The Department of State to the British Embassy
The British Embassy’s aide-mémoire of April 24, 1943, setting forth the policy of the British Government in respect to Greece, has been examined with interest.
The Government of the United States is for the most part in agreement with these views. In particular, this Government welcomes the British Government’s statements that it holds strongly to the principle that the final form of government for Greece is a matter for the Greek people to decide; and that, while the British Government deprecates the immediate raising of the Constitutional issue which would call the existing monarchial régime into question, this would not preclude the raising of this issue when the period of military necessity has passed.
The American Government recognizes the present Greek régime as the Government of Greece and acknowledges the necessity for continuity in government until the Greek people shall have had an opportunity to express their will.

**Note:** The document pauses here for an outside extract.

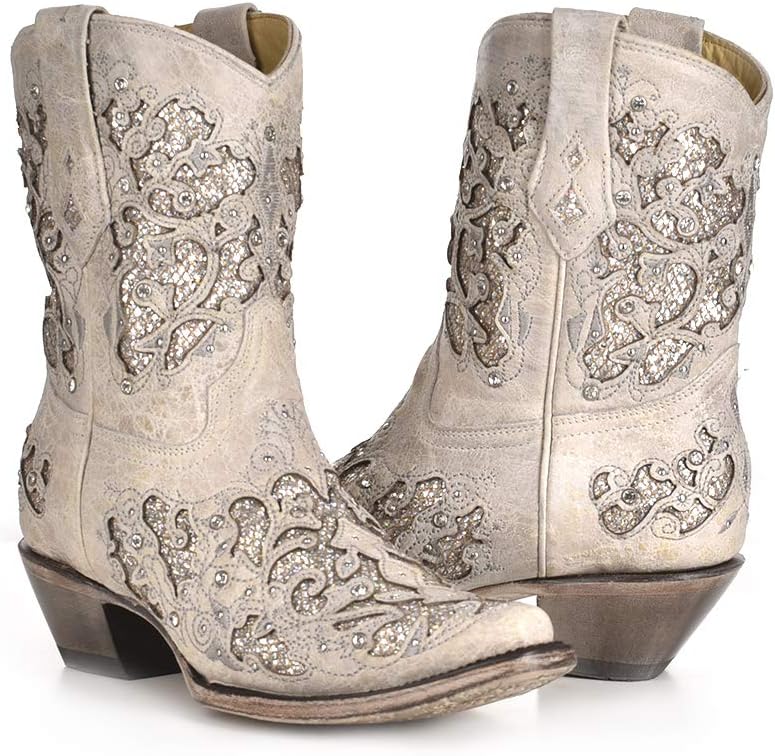 Corral Western Wedding White Booties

This Government has welcomed the declarations of the King and Government of Greece that they do not intend to exercise dictatorial authority and will leave to the Greek people the determination of their own future political condition.22 It would also be pleased to see the present Government broadened by the inclusion of appropriate political and resistance leaders from Greece itself. It shares the confidence of the British Government in the friendly and loyal sentiments of the Greek King and Government and their devotion to the Allied war effort.

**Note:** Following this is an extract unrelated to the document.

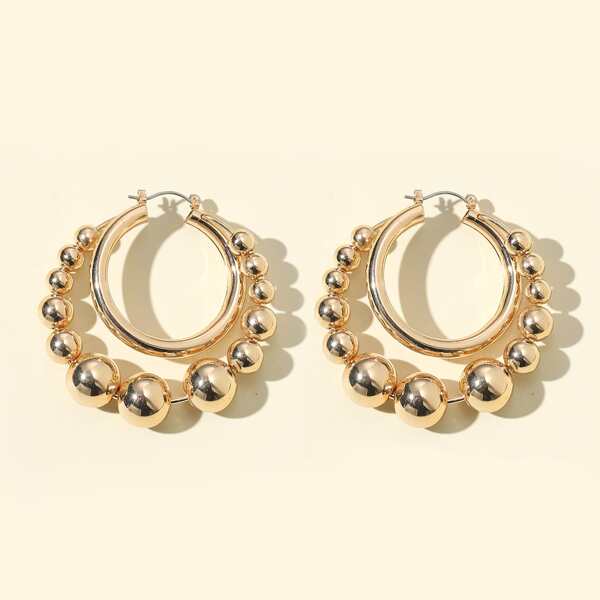 

Round Ball Hoop Earrings, Gold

The American Government has constantly urged all Greek factions to postpone their political quarrels and remain united in the immediate purpose of helping to win the war and to liberate their occupied homeland. It realizes, however, that there exists among the Greek people widespread hostility to the monarchy, and this hostility appears to have developed certain organizational bases within Greece. In the opinion of this Government this question is one between the Greek people and the Greek King and, in its view, the King must himself satisfy the Greek people that this hostility is unjustified and that his future rule would be in accord with their sentiments and will. This Government believes that the principal Allied Governments should carefully avoid any action which would create the impression that they intend to impose the King on the Greek people under the protection of an Allied invading force or that the Greek [Page 134] people can secure the rewards of the common victory only at the price of accepting the return of the monarchy. This Government would regard it as a great tragedy should any civil disturbances arise in Greece as a result of internal opposition to the return of the King, in which it might be necessary for Allied troops to intervene.
Consequently, while this Government wishes the Greek King and Government well in any efforts they may make to obtain the support of the Greek people and reenforce their authority in regard to the Greek armed forces, it is not prepared to undertake, or actively to associate itself with measures designed to promote these purposes.
It seems likely that Crete may be freed from enemy occupation prior to the liberation of the Greek mainland. This Government would suggest the desirability, in such event, that the Greek King and Government remain established in Cairo, being requested, however, at an appropriate time, to appoint a Governor-General of the Island, preferably a Cretan acceptable to the local leaders. This would avoid a possible outbreak of civil strife in Crete and would provide an opportunity for first-hand Allied observation of the attitude and temper of the Greek people toward the monarchy as a guide to the course of action which should be followed after liberation of the mainland.